Of course, other pharmas hoping for a speeded-up approval process may not be so fortunate as to be in the pipeline at a time when FDA has a particularly desperate need to look efficient and compassionate.

A course of treatment with Kyprolis will cost an estimated $40K.

The second Friday approval was a breast-cancer drug, Afinitor. At The Inquisitor, Melissa Stusinski recapped a New York Times story.

THE HISTORY OF SCIENCE BLOGS, AND SOME HISTORICAL HYSTERIA TOO. Can't let you go without pointing you to Bora Zivkovic's long history of science blogging at his SciAm Blog Around the Clock.
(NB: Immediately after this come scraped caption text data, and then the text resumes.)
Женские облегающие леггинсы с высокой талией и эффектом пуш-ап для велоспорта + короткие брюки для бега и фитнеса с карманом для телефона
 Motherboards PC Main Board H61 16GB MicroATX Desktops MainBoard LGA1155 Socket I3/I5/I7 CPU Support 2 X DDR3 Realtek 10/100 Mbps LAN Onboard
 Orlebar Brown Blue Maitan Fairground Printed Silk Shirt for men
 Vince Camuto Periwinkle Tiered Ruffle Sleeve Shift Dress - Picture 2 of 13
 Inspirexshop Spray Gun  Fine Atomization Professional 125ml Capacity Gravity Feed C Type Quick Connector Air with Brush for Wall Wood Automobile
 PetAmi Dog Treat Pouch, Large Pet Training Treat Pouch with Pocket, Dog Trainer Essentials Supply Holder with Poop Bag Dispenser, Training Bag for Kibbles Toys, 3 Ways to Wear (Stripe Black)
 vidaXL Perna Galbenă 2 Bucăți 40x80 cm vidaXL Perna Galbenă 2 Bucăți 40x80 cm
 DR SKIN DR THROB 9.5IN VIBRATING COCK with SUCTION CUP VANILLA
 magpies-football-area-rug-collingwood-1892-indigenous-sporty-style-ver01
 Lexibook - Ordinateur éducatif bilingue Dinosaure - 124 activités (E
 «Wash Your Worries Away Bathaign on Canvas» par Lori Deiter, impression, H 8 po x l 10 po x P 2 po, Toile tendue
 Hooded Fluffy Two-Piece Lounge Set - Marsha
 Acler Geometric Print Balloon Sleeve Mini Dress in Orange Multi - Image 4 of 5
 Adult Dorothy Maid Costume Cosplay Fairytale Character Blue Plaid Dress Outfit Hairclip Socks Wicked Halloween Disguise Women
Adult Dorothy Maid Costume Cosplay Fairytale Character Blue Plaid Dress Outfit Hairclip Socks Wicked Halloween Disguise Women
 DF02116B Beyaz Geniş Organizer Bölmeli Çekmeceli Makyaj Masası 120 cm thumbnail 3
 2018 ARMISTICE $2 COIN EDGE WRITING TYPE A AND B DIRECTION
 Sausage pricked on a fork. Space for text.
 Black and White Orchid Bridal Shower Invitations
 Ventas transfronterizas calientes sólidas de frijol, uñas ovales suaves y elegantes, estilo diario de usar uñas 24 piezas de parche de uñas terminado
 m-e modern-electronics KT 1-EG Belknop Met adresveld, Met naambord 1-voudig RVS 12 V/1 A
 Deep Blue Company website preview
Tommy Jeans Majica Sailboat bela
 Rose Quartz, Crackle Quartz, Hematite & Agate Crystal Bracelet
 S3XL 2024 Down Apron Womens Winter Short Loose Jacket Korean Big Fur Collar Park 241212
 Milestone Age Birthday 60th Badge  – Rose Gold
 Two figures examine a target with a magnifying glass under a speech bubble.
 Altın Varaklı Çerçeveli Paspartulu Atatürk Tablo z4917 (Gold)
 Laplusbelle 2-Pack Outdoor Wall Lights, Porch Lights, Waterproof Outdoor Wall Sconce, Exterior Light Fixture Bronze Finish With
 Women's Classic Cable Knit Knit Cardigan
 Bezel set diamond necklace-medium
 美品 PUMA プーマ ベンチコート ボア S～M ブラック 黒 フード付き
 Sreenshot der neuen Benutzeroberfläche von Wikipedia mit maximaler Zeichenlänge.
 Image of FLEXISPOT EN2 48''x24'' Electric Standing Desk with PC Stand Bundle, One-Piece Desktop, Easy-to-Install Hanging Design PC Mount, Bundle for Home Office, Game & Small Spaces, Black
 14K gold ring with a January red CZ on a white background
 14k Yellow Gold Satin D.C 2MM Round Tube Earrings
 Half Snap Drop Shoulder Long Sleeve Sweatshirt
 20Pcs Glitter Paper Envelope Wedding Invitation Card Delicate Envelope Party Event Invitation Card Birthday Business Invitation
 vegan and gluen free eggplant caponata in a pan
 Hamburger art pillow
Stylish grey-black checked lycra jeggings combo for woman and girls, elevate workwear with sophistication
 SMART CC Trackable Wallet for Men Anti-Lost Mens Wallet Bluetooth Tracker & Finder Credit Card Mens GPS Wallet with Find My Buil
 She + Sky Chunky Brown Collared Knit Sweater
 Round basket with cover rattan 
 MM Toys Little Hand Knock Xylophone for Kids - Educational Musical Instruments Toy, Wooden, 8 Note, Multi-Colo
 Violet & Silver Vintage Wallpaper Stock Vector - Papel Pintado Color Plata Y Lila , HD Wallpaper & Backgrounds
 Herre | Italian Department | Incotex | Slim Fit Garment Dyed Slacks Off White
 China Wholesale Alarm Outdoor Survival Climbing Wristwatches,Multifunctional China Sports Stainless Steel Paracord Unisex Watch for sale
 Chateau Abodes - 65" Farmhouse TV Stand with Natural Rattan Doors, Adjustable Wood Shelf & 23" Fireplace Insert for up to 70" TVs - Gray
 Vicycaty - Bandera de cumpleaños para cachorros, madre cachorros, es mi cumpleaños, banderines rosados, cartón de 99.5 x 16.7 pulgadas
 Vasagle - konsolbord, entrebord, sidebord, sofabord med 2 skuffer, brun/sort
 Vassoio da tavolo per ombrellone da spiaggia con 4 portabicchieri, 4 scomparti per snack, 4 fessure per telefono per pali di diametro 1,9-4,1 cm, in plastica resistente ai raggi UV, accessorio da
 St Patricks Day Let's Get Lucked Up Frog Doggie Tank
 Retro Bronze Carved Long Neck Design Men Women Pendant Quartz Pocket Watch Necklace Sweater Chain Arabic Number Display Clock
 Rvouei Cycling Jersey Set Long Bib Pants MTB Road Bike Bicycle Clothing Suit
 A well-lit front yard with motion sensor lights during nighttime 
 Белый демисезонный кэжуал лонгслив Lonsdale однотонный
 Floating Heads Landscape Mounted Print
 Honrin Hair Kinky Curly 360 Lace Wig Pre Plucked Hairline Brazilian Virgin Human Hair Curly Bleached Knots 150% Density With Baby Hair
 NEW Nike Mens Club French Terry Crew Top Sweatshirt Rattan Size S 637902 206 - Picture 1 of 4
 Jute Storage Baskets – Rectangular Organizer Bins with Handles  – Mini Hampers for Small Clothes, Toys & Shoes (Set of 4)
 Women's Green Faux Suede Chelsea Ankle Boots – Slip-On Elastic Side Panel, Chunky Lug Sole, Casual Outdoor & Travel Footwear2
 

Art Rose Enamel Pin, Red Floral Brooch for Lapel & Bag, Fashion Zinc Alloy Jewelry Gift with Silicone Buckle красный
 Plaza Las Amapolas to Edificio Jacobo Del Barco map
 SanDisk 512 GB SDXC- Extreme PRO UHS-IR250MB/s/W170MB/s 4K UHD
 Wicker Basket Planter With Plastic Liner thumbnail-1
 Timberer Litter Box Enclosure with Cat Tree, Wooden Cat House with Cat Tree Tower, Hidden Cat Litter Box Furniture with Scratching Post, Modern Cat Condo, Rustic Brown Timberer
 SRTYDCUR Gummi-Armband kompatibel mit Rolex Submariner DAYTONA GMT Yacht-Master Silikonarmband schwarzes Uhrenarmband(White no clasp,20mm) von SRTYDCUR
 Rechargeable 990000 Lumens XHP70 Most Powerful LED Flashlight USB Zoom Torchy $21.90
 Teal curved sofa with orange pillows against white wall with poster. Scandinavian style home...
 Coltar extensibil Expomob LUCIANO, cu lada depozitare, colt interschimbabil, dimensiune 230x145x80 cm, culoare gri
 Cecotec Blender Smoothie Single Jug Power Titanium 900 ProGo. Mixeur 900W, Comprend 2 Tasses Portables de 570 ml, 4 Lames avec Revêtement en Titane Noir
On that topic he is surely an authority, having been there pretty much from the beginning. But note also that he asks for crowdsourcing on blogging topics that he knows less about, such as math, space, and psychology. He also points out, modestly, that science blogging was around in fields like those before he got into it.

And a delightful sidelight: Bora's history has mightily annoyed Watt's Up With That's Anthony Watts. Discussing blogging awards, Bora sniffed

But if the managers of the award allow bloggers who only pretend to be scientists and use seemingly-scientific language to push pseudoscience (e.g. global warming) into the Science section of the awards, then real science bloggers react with disdain, then ignore that particular award in the future. When the award is set up essentially as a popularity contest, and when such anti-science bloggers, due to hordes of followers, win such contests, then there is no real reputation linked to that victory, thus there is no need for science bloggers to expend their energies or in any way promote such awards.

This is a swipe at Watts, a climate-change denialist, as Bora later acknowledged in a tweet accusing Watts of gaming the award system. Yum, yum, yum.